ABOUT THIS EXERCISE =
Repeat exactly the lines from the line containing "Used Land Rover" to the last line of the listing, including both.

EXERCISE DATA =
• • •

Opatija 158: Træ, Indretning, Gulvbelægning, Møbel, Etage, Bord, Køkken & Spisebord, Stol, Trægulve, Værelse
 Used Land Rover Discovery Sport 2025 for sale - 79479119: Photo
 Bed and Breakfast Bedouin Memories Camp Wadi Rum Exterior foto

• • •

ANSWER SECTION =
 Used Land Rover Discovery Sport 2025 for sale - 79479119: Photo
 Bed and Breakfast Bedouin Memories Camp Wadi Rum Exterior foto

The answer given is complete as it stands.